# What you have to do:
Reproduce the entries word for word, and omit any picture you find in them.

# Dataset records:

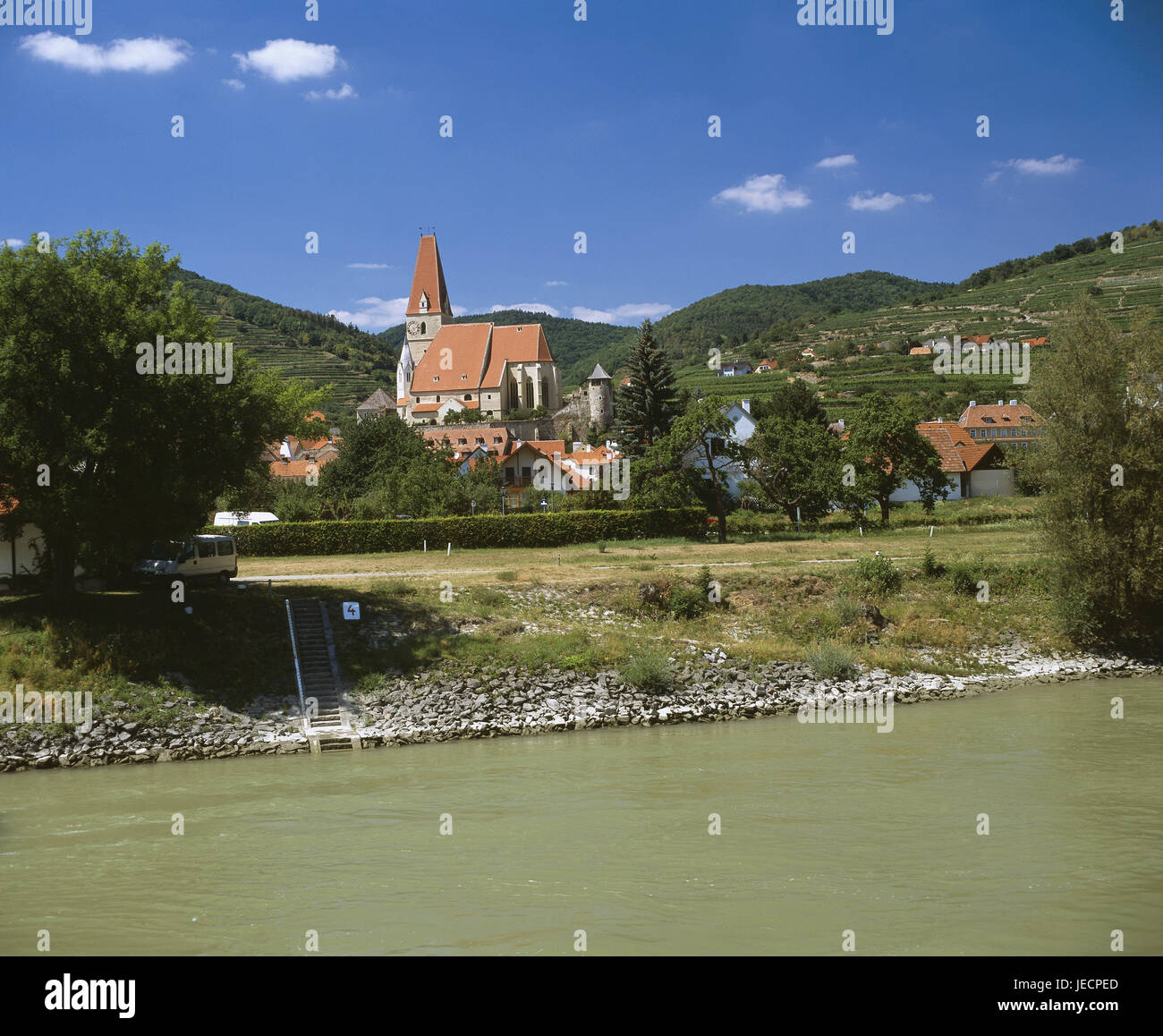 Austria Bassa Austria Wachau, bianco chiese, vista locale, la chiesa, la regione vinicola, luogo, case, case, la chiesa, la chiesa militare, luogo di interesse, destinazione, turismo, UNESCO-patrimonio culturale mondiale, vigneto, allegato, vino, Foto Stock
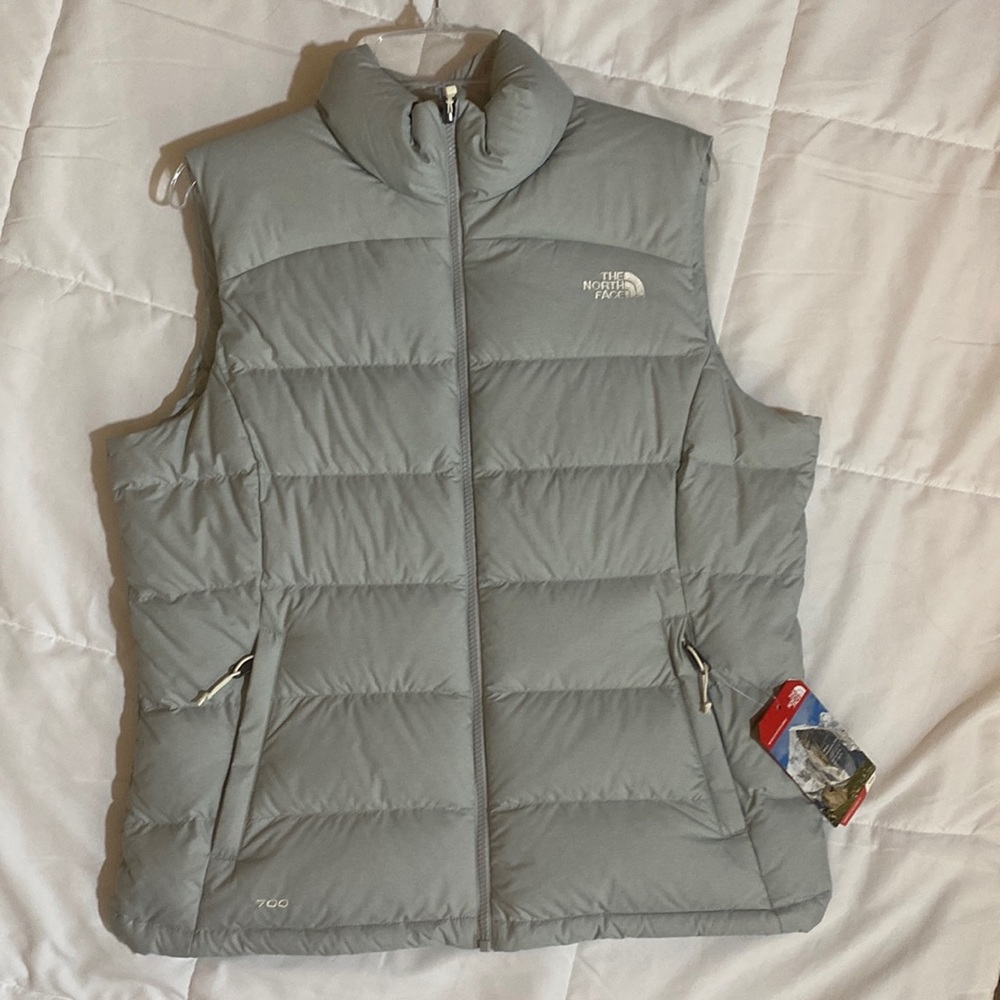 The North Face Puffer Vest Women’s Large- NWT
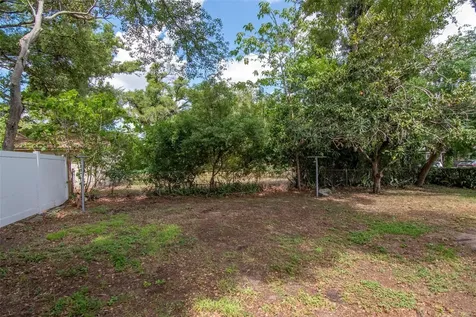 126 Kingsway Road Brandon FL 33510
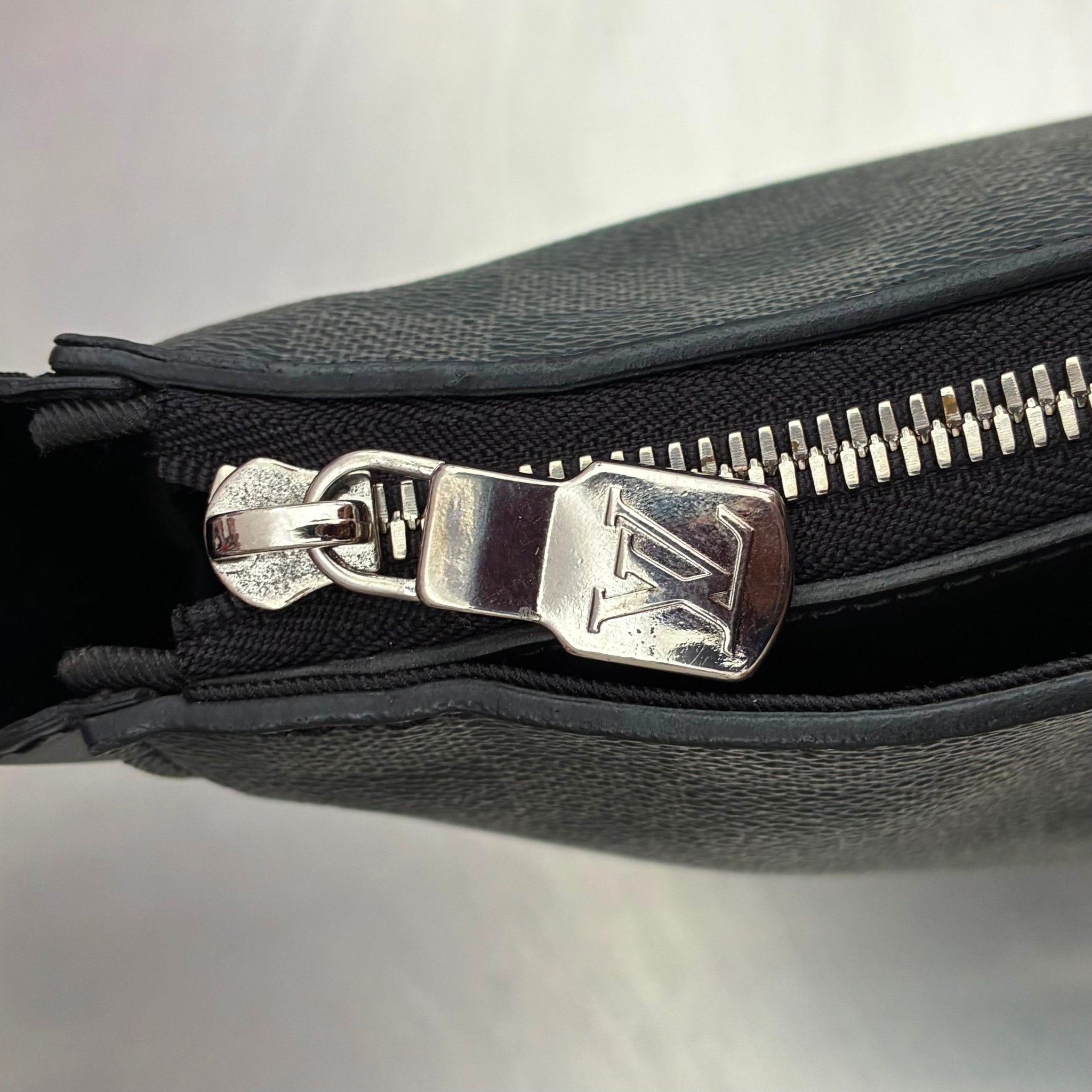 Louis Vuitton Anton Damier Graphite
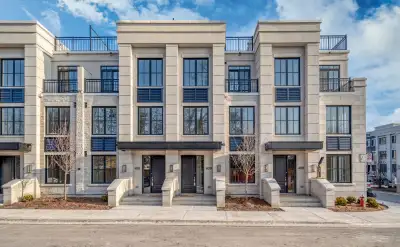 Luxury Townhouse for Rent in Mineola Mississauga -3 Bed & 3 Bath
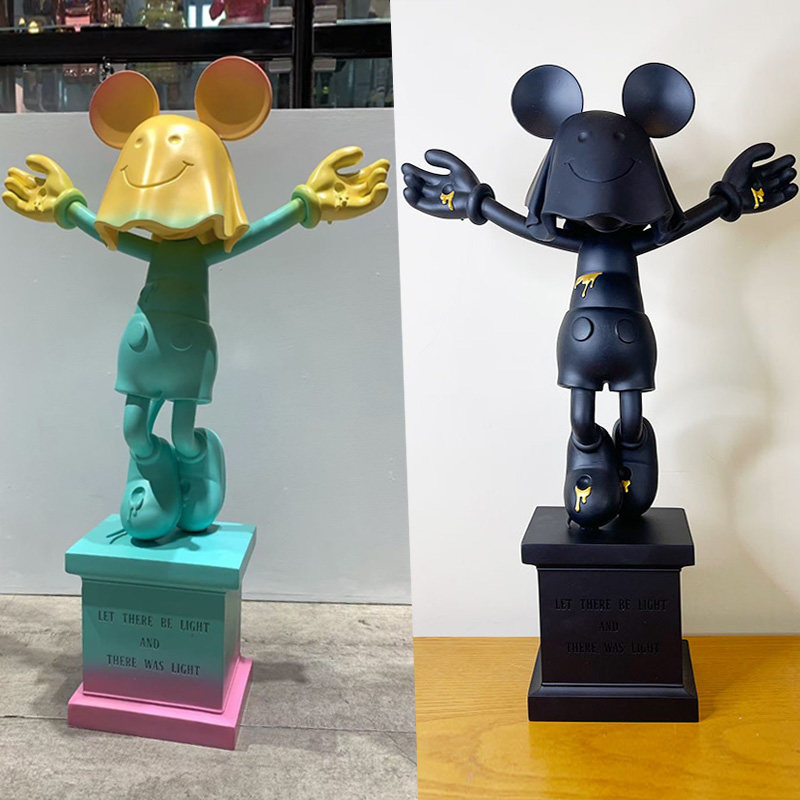 Blind box 2021 net red new masked smiling face Mickey model surrounding doll ornaments tide play otaku toy gift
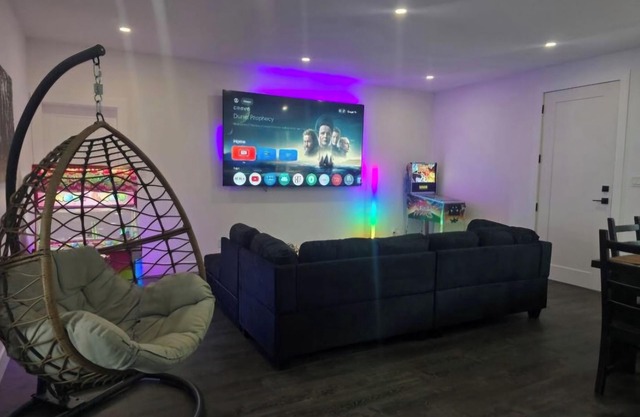Charming 3-bedroom house with AC and WiFi in Duncan
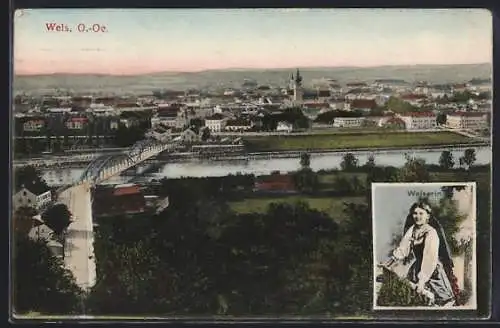 AK Wels, Welserin in Tracht, Ortsansicht mit Brücke aus der Vogelschau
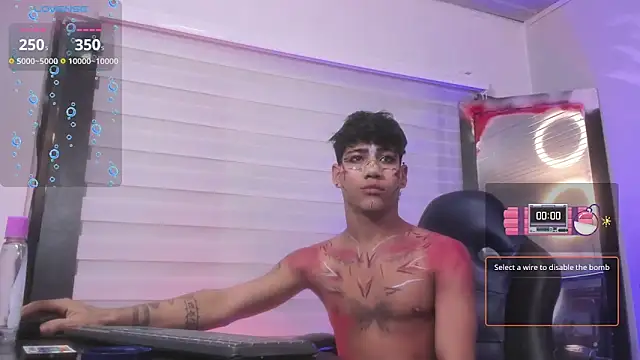 Sexys Boys Hot1 online show from October 27, 2025, 1:50 am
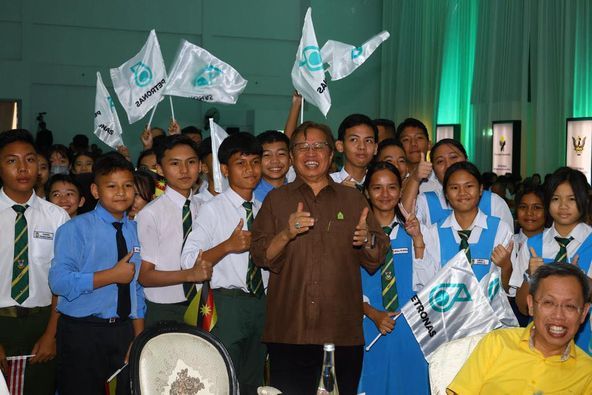 Sarawak peruntukan RM2.7 bilion mantapkan pendidikan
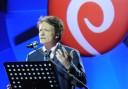 OMAGGIO A EDUARDO. FIRMATO MASSIMO RANIERI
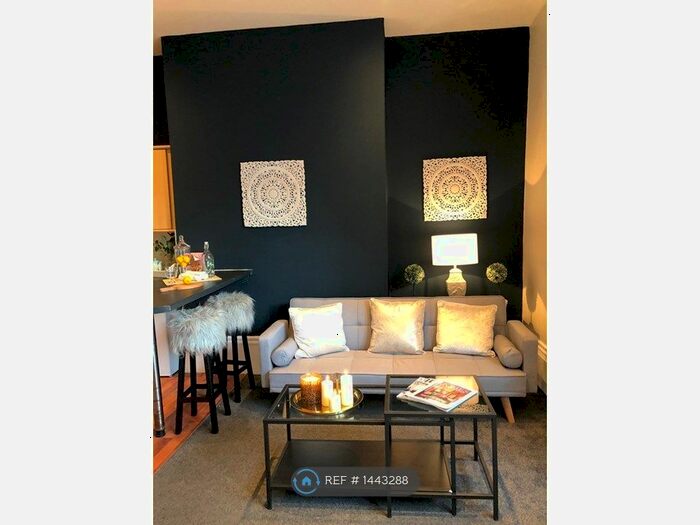 2 Bedroom Flat To Rent In Argyle Square, Sunderland, SR2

# Response:
 Austria Bassa Austria Wachau, bianco chiese, vista locale, la chiesa, la regione vinicola, luogo, case, case, la chiesa, la chiesa militare, luogo di interesse, destinazione, turismo, UNESCO-patrimonio culturale mondiale, vigneto, allegato, vino, Foto Stock
 The North Face Puffer Vest Women’s Large- NWT
 126 Kingsway Road Brandon FL 33510
 Louis Vuitton Anton Damier Graphite
 Luxury Townhouse for Rent in Mineola Mississauga -3 Bed & 3 Bath
 Blind box 2021 net red new masked smiling face Mickey model surrounding doll ornaments tide play otaku toy gift
Charming 3-bedroom house with AC and WiFi in Duncan
 AK Wels, Welserin in Tracht, Ortsansicht mit Brücke aus der Vogelschau
 Sexys Boys Hot1 online show from October 27, 2025, 1:50 am
 Sarawak peruntukan RM2.7 bilion mantapkan pendidikan
 OMAGGIO A EDUARDO. FIRMATO MASSIMO RANIERI
 2 Bedroom Flat To Rent In Argyle Square, Sunderland, SR2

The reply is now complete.